Re: [Haskell-cafe] optimising for vector units
MR K P SCHUPKE wrote:
That was me. I think you're underestimating the cost of starting
threads even in this very lightweight world.
Maybe... Perhaps haskell could be made to resemble dataflow instructions
more... If when a computation completes we insert the result directly
into the data structure which represents function, we can infact pick any
function for execution with _no_ overhead. (In a true dataflow system any
instruction from any thread can be executed with no overhead)
With architectural support for dataflow execution, this is true
(though hardware support for scheduling necessarily imposes resource
limitations). You might be rather interested in a couple of books
about the Monsoon dataflow machine, and the compiler for the
functional language (Id) used to prgram it---Id is similar in many
ways to Haskell. The Haskell dialect pH was basically Id with Haskell
syntax, and early versions used the Id back end to generate Monsoon code.
@book{102865,
author = {Gregory M. Papadopoulos},
title = {Implementation of a general-purpose dataflow multiprocessor},
year = {1991},
isbn = {0-262-66069-5},
publisher = {MIT Press},
}
@book{103033,
author = {Kenneth R. Traub},
title = {Implementation of non-strict functional programming languages},
year = {1991},
isbn = {0-262-70042-5},
publisher = {MIT Press},
}
Interestingly, even in a general-purpose dataflow system it became
obvious that pushing data to and from memory was rather inefficient.

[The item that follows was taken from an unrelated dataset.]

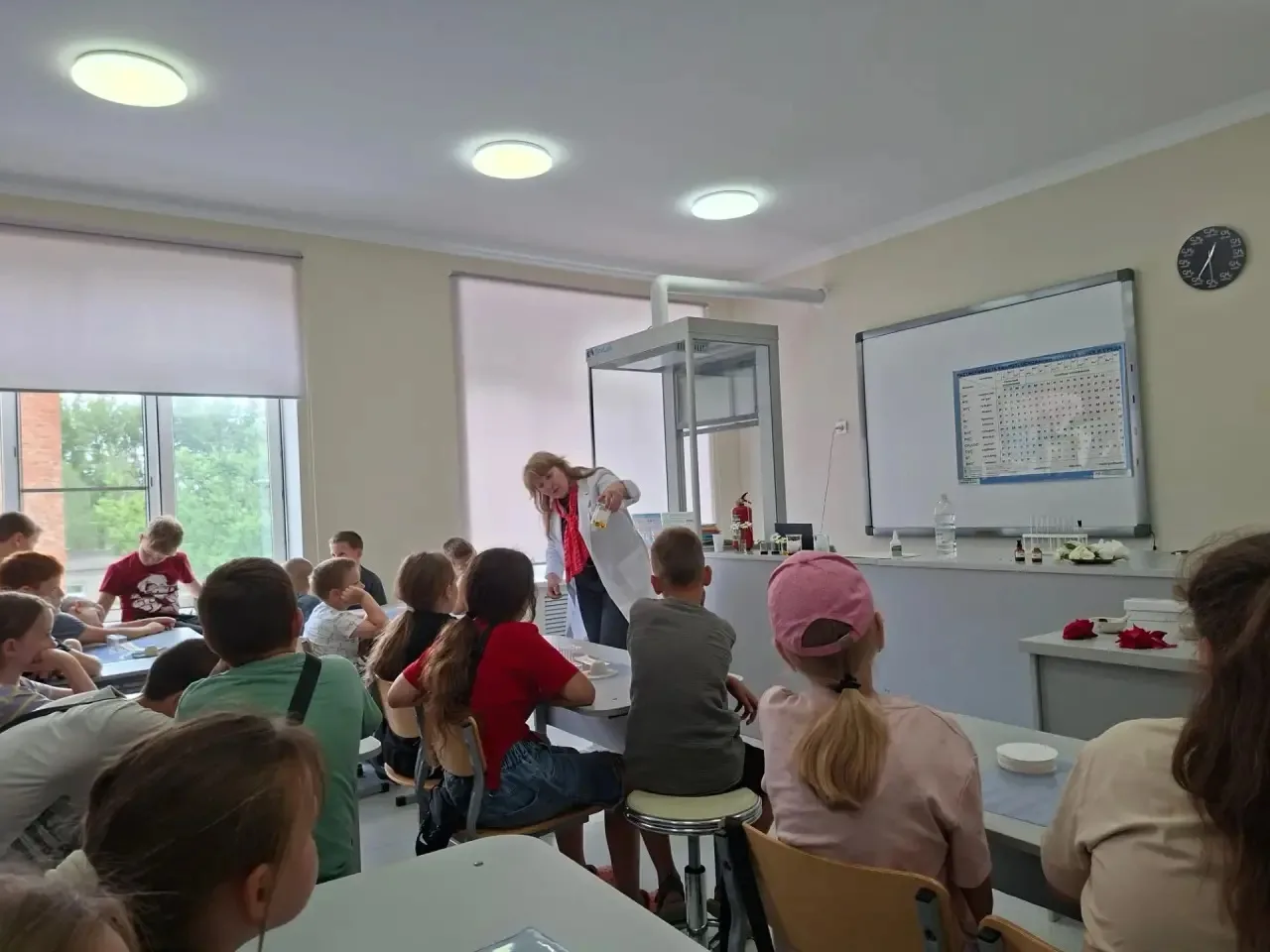 Завершаем лагерную смену…🙂

Сегодня в пришкольном лагере «Тополёк» произошло настоящее научное чудо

As a result, Monsoon had registers to handle loop code, and ran inner
loops sequentially. A discussion of the tradeoffs between sequential
and parallel loops can be found here:
@inproceedings{165203,
author = {Boon Seong Ang},
title = {Efficient implementation of sequential loops in dataflow
computation},
booktitle = {Proceedings of the conference on Functional programming
languages and computer architecture},
year = {1993},
isbn = {0-89791-595-X},
pages = {169--178},
location = {Copenhagen, Denmark},
doi = {http://doi.acm.org/10.1145/165180.165203},
publisher = {ACM Press},
}
The suggestion I guess is to only use instructions that get their arguments
from main memory.
In the absence of architectural support for dataflow, this is the
simplest option by far.
> This way any instruction can be sequenced with no overhead
on any CPU. With modern on-die core-speed caches this can be almost as fast
a registers (with good cache access patterns)
>
> ... Note that I am only suggesting
> interleaving instructions at the function level, so registers can
be used within
> functions... of course as things get more and more parallel we may see
> hardware with no registers, just pipelined high speed cache access.
(The
> hardware may well use registers to pre-fetch cache values, but that can
> be made transparent to the software)...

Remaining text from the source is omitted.